--- Data section ---
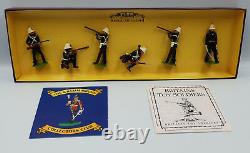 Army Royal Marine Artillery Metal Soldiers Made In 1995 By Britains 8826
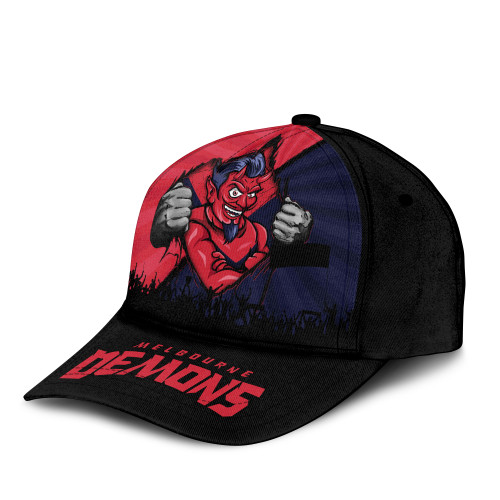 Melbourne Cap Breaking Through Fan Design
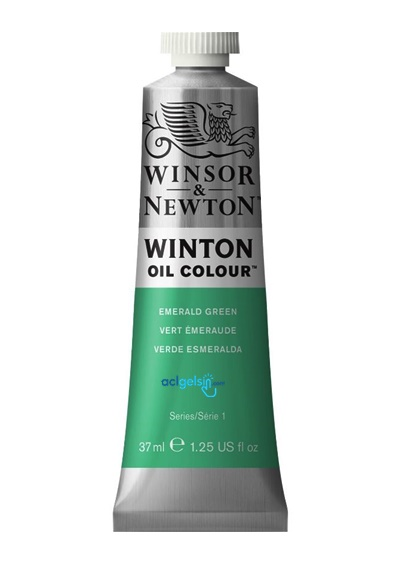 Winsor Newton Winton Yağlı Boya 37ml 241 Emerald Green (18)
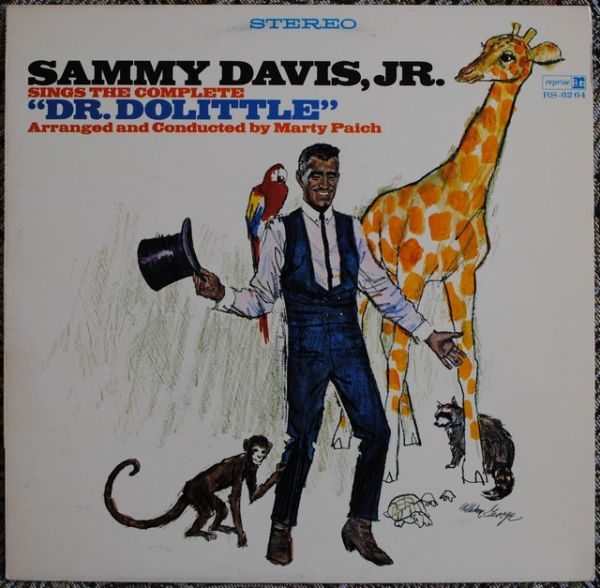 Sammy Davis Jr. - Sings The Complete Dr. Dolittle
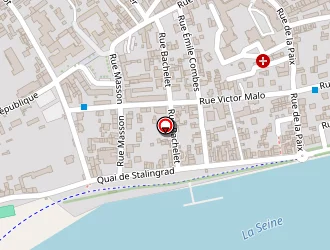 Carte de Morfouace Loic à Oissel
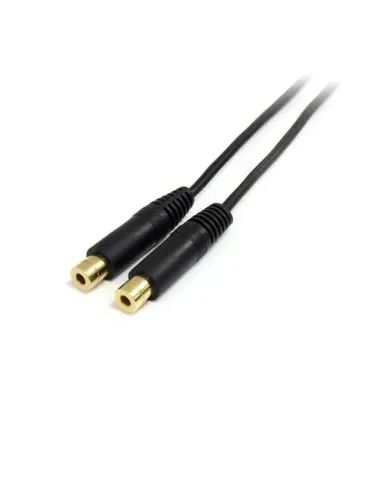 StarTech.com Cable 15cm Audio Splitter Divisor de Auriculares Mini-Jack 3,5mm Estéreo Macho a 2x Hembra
---
== Task brief ==
Begin at the first line of the entries and stop after the line holding "Carte de Morfouace Loic à Oissel"; repeat those lines exactly, but not the pictures.

== Exercise answer ==
 Army Royal Marine Artillery Metal Soldiers Made In 1995 By Britains 8826
 Melbourne Cap Breaking Through Fan Design
 Winsor Newton Winton Yağlı Boya 37ml 241 Emerald Green (18)
 Sammy Davis Jr. - Sings The Complete Dr. Dolittle
 Carte de Morfouace Loic à Oissel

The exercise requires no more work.